I thank Deputy Kenny for his constructive engagement and recognition of the benefit of this to Ireland. He asks legitimate questions. I have not read the book but I will. The issue of assistance is something I certainly do not rule out our doing. I do not mean this in a flippant way but we obviously cannot seek assistance until we have opted in, so that at least becoming an option shows the benefit of opting in. According to my note, there are ten member states that currently have operation plans in place. They are Romania, Cyprus, Greece, Italy, Malta, Austria, Belgium, Lithuania, Spain and the Netherlands. The support can very in terms of a country-specific scenario, but it is clear it does not matter what member state you live in, as while some are under more pressure than others the overall scenario in relation to the EU and migration is significant at the moment. Last year, 330,000 irregular entries, as they are described at a European level, were detected at EU external borders. That was the highest number since 2016. It is a 64% increase on the previous year. The western Balkans route is 136%, the eastern Mediterranean route is up 108% and the central Mediterranean route is up 51%. These are the most active routes. This has put pressure on front-line member states at the external borders of the EU.
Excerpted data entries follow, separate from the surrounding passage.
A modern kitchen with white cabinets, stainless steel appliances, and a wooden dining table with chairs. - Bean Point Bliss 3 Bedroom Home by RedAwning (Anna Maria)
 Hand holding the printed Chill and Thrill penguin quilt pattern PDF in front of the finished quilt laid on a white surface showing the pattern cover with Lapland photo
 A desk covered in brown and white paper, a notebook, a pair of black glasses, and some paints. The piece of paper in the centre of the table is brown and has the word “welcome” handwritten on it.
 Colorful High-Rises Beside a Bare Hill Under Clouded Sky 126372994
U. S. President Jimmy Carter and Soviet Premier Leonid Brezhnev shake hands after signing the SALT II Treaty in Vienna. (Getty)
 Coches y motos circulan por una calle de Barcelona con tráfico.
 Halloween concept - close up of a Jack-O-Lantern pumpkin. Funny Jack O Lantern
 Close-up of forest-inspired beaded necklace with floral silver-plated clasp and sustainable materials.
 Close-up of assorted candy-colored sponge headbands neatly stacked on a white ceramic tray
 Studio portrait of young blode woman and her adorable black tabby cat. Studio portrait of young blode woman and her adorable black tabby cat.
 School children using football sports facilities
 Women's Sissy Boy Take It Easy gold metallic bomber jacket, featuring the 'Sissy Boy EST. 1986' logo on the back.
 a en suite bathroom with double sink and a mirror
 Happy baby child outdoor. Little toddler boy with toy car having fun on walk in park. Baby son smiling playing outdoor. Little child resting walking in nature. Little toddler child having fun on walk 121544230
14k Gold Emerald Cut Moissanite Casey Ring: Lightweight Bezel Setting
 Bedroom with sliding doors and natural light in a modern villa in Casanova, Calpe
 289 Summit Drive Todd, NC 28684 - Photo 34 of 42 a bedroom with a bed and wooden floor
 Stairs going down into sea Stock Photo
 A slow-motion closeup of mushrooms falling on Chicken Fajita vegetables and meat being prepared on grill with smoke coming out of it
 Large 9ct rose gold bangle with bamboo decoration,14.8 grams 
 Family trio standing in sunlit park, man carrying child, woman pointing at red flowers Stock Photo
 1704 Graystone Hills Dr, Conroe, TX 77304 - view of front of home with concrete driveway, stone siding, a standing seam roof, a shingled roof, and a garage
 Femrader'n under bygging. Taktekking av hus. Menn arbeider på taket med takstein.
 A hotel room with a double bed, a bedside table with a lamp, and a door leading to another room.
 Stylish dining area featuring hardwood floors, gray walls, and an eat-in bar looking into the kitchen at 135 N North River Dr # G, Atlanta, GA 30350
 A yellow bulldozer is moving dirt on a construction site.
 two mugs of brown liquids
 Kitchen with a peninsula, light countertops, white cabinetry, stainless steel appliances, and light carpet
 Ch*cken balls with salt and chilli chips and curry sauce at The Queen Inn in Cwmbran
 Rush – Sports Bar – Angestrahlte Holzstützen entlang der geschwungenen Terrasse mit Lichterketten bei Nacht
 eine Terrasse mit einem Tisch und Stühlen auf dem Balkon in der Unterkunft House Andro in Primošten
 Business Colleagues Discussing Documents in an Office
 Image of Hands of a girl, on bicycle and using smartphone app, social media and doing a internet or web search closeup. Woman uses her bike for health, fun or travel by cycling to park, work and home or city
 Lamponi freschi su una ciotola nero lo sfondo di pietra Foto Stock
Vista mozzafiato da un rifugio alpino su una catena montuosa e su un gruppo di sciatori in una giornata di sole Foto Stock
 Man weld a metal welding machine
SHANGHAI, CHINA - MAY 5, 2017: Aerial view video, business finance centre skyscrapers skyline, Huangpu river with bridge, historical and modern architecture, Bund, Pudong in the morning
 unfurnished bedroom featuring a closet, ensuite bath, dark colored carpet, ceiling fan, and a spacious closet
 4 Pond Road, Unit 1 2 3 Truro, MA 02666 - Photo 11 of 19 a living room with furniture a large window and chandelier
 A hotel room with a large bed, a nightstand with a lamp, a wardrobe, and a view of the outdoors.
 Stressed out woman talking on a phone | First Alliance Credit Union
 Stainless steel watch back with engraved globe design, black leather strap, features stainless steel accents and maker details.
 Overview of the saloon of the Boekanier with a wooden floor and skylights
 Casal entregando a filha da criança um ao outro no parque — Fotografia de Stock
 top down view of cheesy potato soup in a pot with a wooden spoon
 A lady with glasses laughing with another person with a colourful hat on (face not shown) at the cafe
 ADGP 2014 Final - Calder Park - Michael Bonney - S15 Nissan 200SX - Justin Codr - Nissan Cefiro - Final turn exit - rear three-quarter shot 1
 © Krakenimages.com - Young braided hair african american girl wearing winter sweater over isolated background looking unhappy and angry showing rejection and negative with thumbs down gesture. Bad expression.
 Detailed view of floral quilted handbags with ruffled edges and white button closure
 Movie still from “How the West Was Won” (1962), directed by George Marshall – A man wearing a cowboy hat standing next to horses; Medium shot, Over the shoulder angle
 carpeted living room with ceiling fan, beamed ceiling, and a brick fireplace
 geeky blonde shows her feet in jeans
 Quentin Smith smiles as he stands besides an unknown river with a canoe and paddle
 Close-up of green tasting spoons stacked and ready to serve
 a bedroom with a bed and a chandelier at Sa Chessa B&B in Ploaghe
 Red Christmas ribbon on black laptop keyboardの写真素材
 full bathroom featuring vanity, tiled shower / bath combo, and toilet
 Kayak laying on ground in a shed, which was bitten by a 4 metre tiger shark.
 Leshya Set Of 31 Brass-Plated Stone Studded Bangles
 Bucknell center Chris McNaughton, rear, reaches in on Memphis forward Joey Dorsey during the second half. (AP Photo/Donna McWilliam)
I want to be associated with Deputy Kenny's comments, because it is important when we talk about these things that we are associated with such comments. People have every entitlement to come and seek protection in the EU and protection in any member state of the EU. I am very proud of the approach we take and Europe takes versus the approach others take to migration. We have a rules-based system. It is robust. We all need to work to make it more efficient and we are doing so, but fundamentally we believe in helping people in need and that is an important characteristic of our nation and of the EU. I might get the Deputy a note on one of the points he made because I do not have the materials to hand, although I have some of it my head as I heard from the Commissioner on this recently at my last meeting in Brussels. Embedding human rights and respect for human rights and law and international law and decency and dignity in any return agreements the EU is involved in and is funding is a core component of the work we are doing. Can we and should we do better as a Union? The answer is "Yes", but it might be useful if I can get the committee a note on this, because it is an important point. More and more, return agreements are going to be a part of the European response. It is a question of how to safely and legally return people who do not have a right to be in the EU and how to do it in a way that is absolutely compliant with and upholds their human rights.

It is something the Commission is working on and has a number of return agreements in place. I would be very happy to share a briefing note on it with Deputy Kenny through the committee.